For many, the stock image of Africa starts with the colonial stereotype of the “noble savage” – people and cultures both primitive and vibrant, still magically in touch with the ways of the natural world. And let’s not forget that the sense of rhythm, honed after generations of dancing around ceremonial fires.

As everyone knows, South African has an extra element – the whites. White settlers, the people responsible for inventing apartheid, live here too. They are described as the burly, bearded folk in khaki bush suits, wearing veldt hats and clutching rifles to keep marauding lions, rhinos and the occasional restless native at bay.

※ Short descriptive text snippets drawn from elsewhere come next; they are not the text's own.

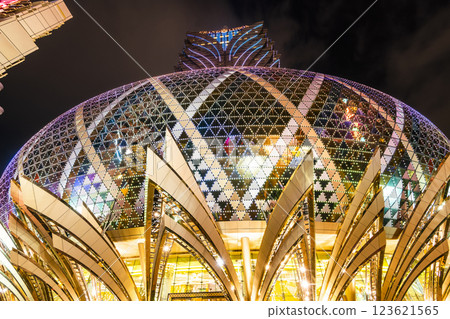 Beautiful night view of the Grand Lisboa building, the most famous, richest casino, and a luxury hotel resort stands in Macau. Beautiful night view of the Grand Lisboa building, the most famous, richest casino, and a luxury hotel resort stands in Macau. 123621565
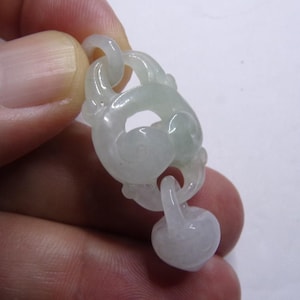 Peut inclure: Un pendentif en jade blanc avec un motif sculpt&eacute; de n&oelig;ud. Le pendentif est attach&eacute; &agrave; une perle ronde en jade.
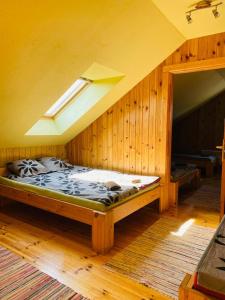 a bedroom with a bed in a room with a ceiling at Kempings Raganas slota in Vārve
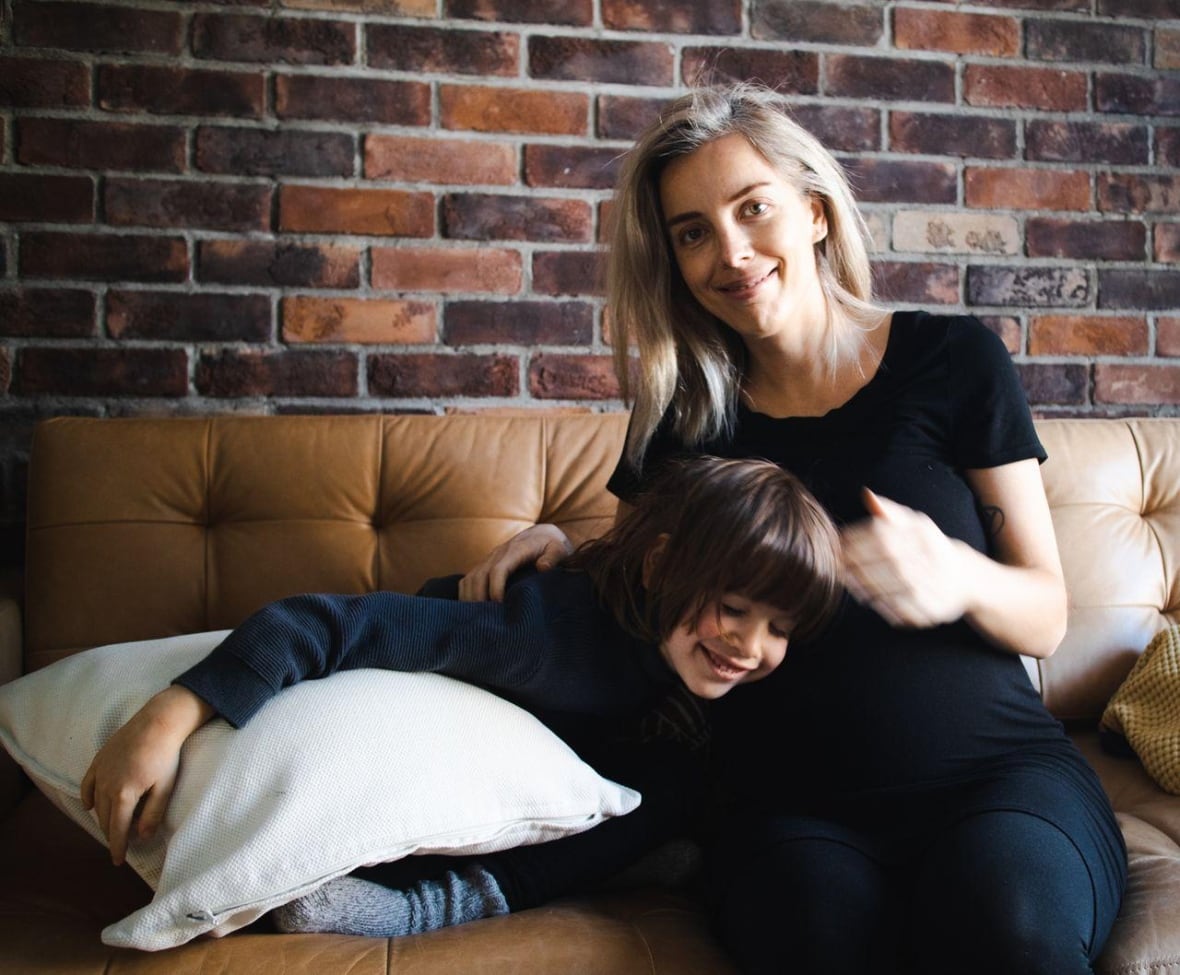 A woman with her child.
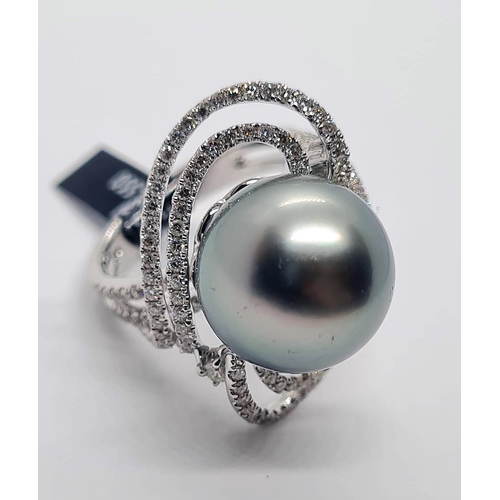 488 - 18ct white gold diamond ring with Tahitian pearl centre, weight 10.07g and size N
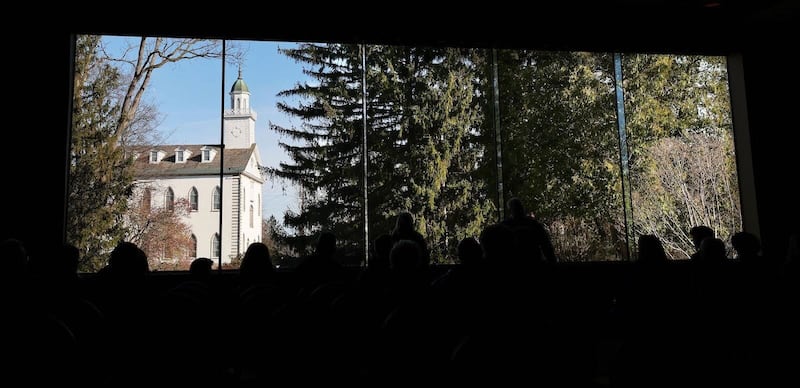 The Kirtland Temple shines brightly in the large picture window at the Kirtland Temple Visitors' Center on Monday, March 25, 2024, in Kirtland, Ohio.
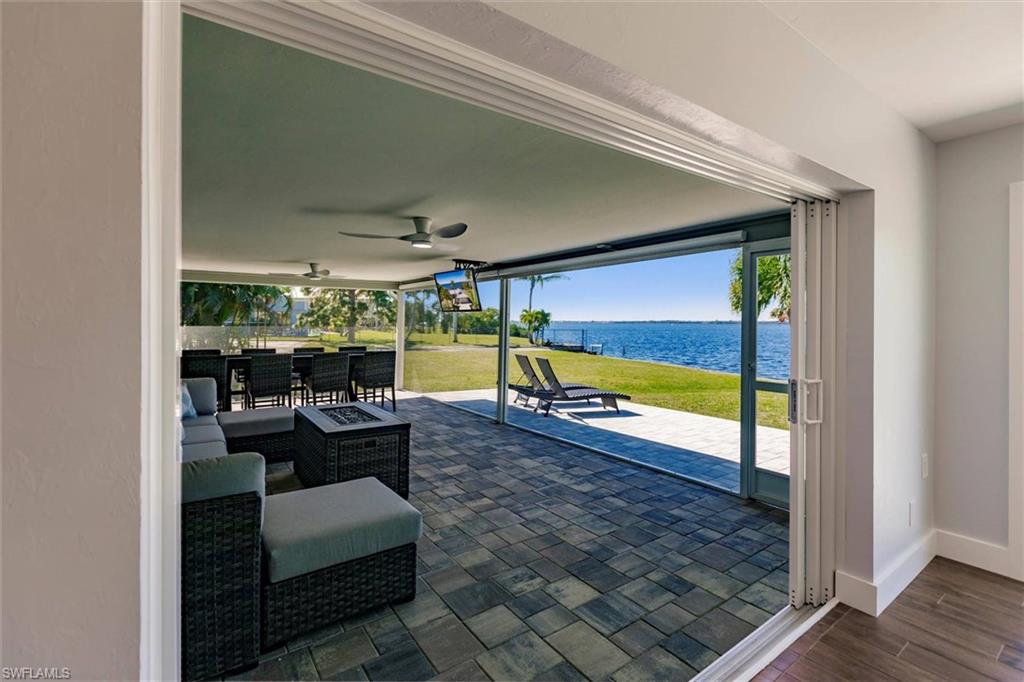 138 Riverview Road Fort Myers, FL 33905 - Photo 18 of 50 View of patio / terrace featuring outdoor dining space and ceiling fan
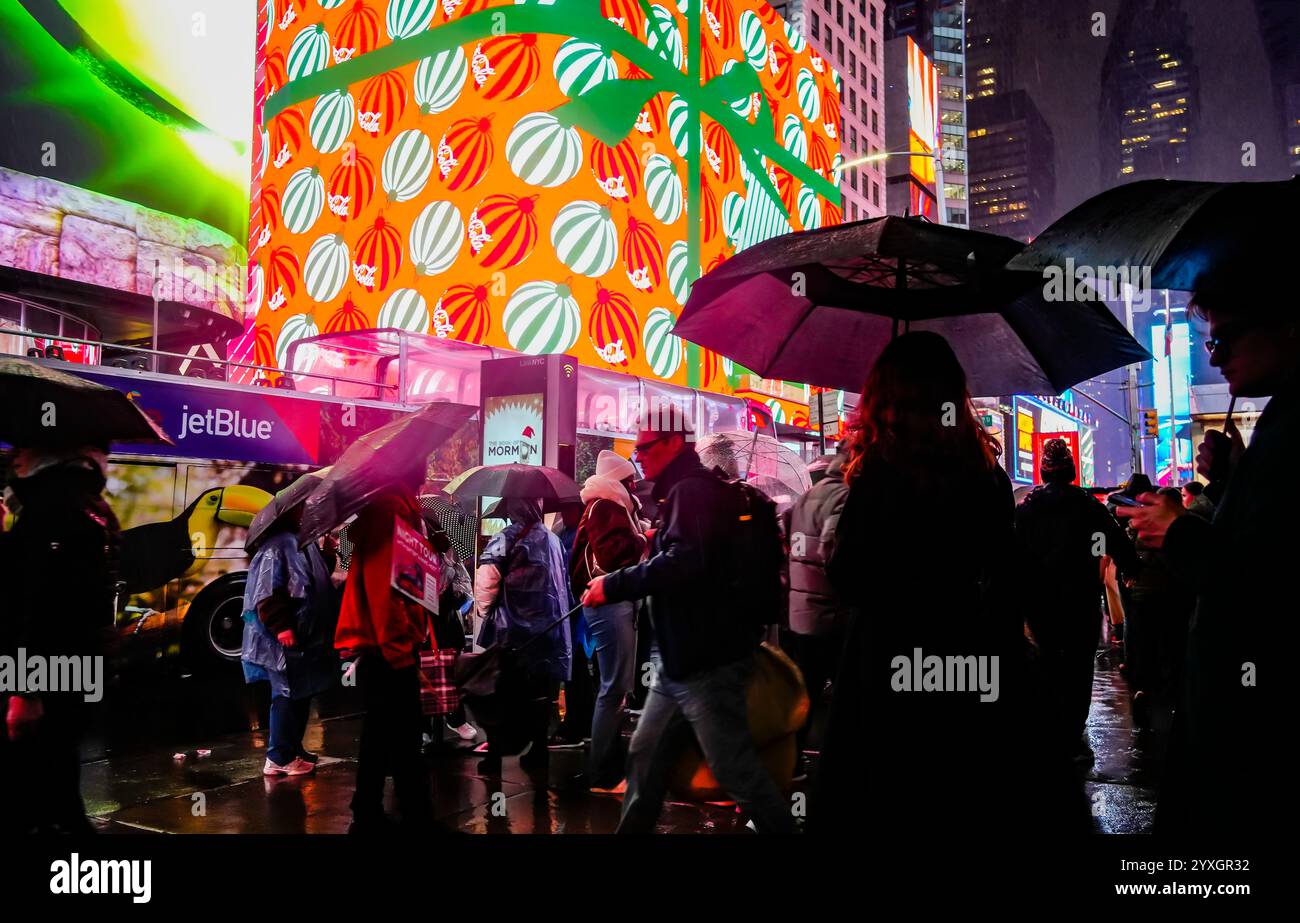 I visitatori di Times Square a New York mercoledì 11 dicembre 2024 camminano sotto la pioggia sotto i cartelloni digitali a tema natalizio che pubblicizzano Coca-Cola. (© Richard B. Levine) Foto Stock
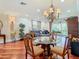 Open concept living room featuring hardwood floors, chandelier, and access to outdoor space at 16112 Amethyst Key Dr, Wimauma, FL 33598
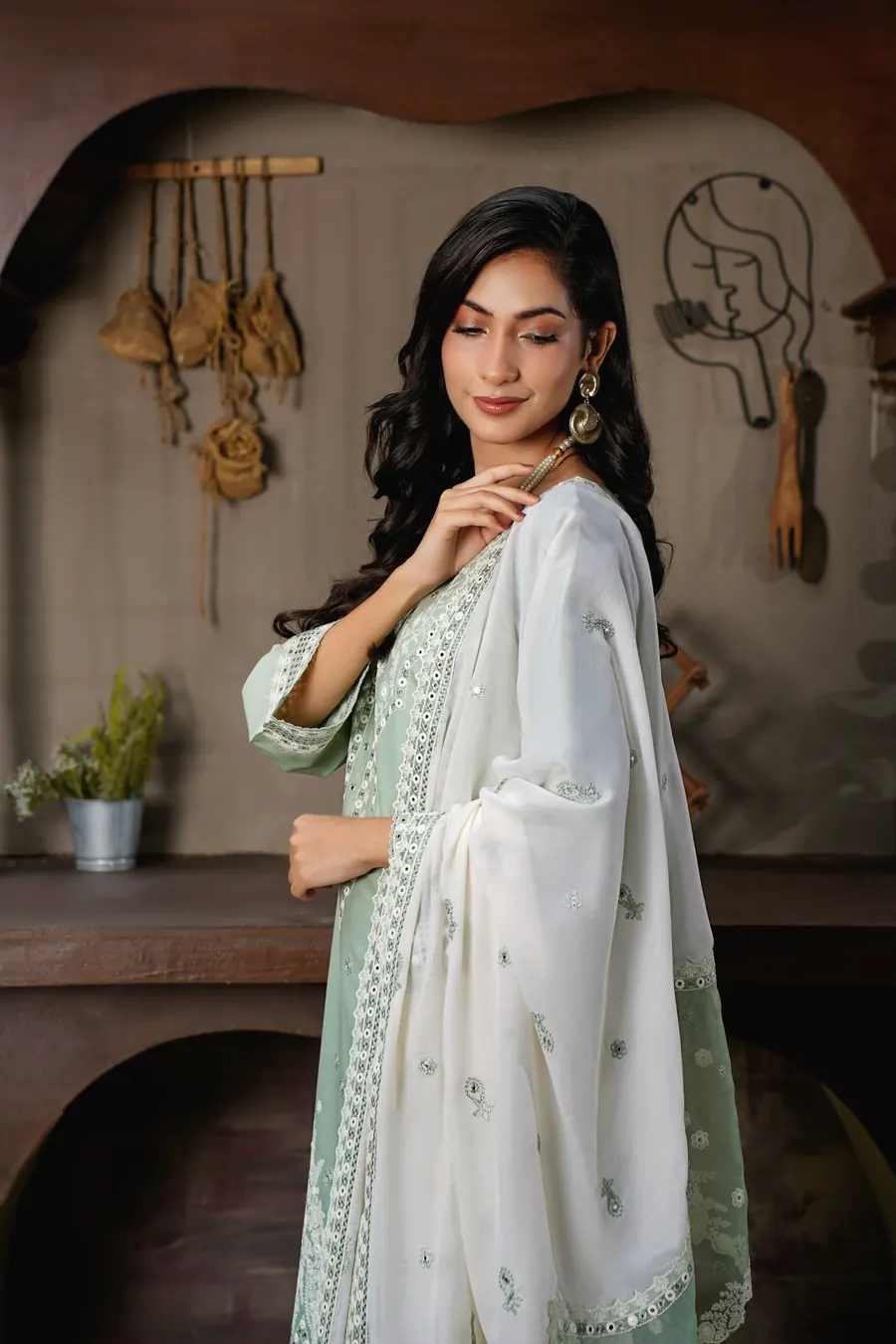 A woman in a mint suit with a white embroidered dupatta
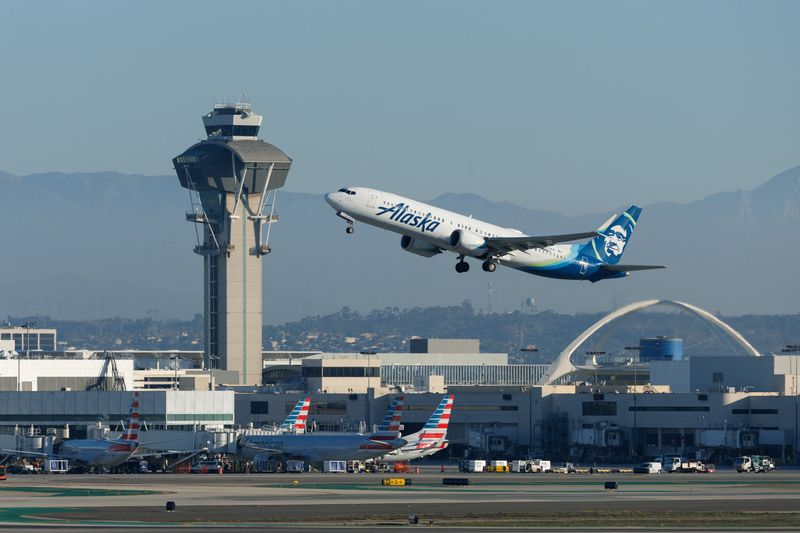 FILE PHOTO: An Alaska Airlines commercial airliner takes-off from Los Angeles International Airport in Los Angeles, California, U.S., November 6, 2025. REUTERS/Mike Blake/File Photo
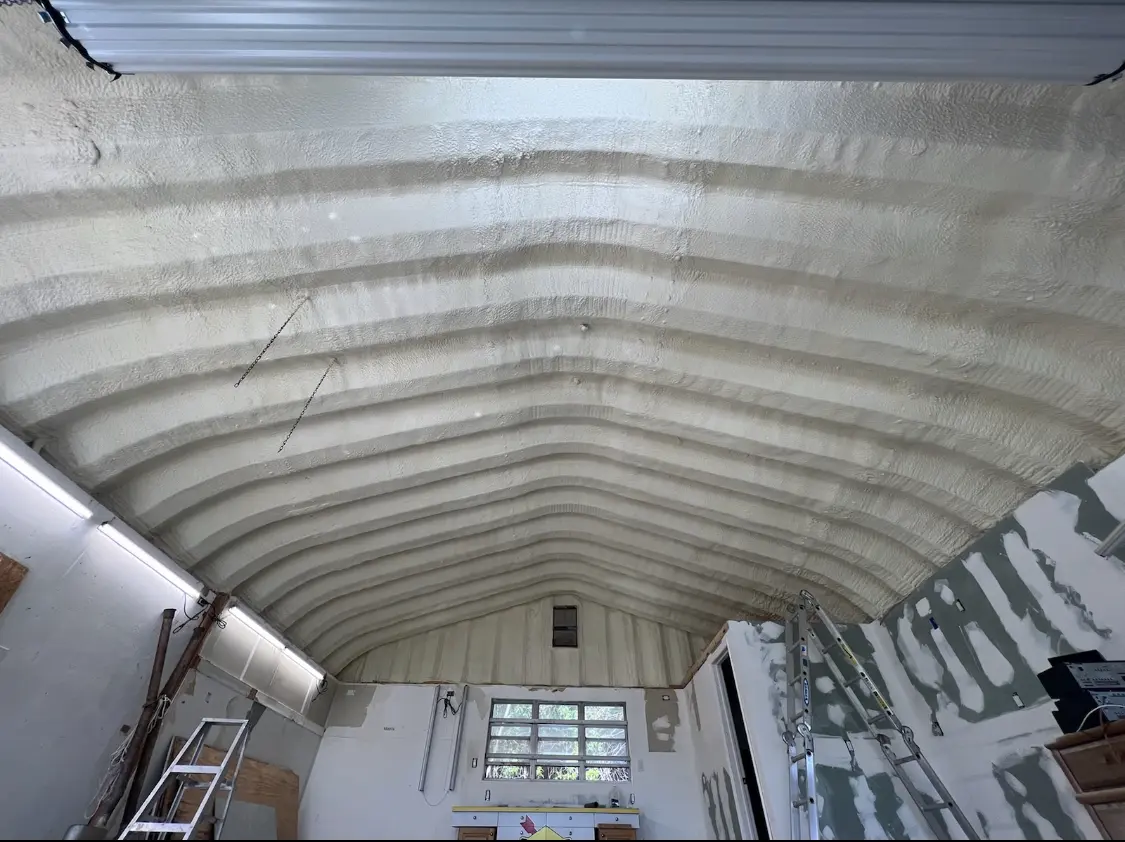 Spray polyurethane foam applied to the underside of a metal roof deck in Southern Pines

It is the image most people have of the Afrikaner, and it is the way many people imagine all white South Africans to be.

But these stereotypes have little basis in reality. South Africa is an extraordinary tapestry of race and culture like no other place anywhere in the world. And despite the problems of the past, it is a society that is beginning to find great strength in its diversity.

Diversity – culture, race, language

Diversity was definitely what the country’s first democratic election was all about. No less than 19 different parties, representing practically every aspect of the political, religious and social spectrum, presented themselves to the public voting. And seven of them found enough support among this public to gain representation in parliament.

Diversity of language and culture was further recognized by the newly elected government in giving equal official status to 11 of the languages spoken throughout the country – English, Afrikaans, Zulu, Xhoso, Sohto, Venda, Tswana, Tsonga, Pedi, Shangaan and Ndebele.

Switch on the television in South Africa today and you will find news broadcasts coming at you in each of the four main language groups – Englist, Nguni (Zulu and Xhosa), Afrikaans and Sotho. Switch over to a local soccer math and you will get your commentary broken up into 15 minute slots, alternating between Zulu and Xhoso, English and Sotho. Diversity? I think South Africa invented the term.

So the one thing first-time visitors should not pack is the preconception of a nation divided into two basic groups of blacks and whites. Nothing is simple in South Africa. It is a far more fascinating place that that.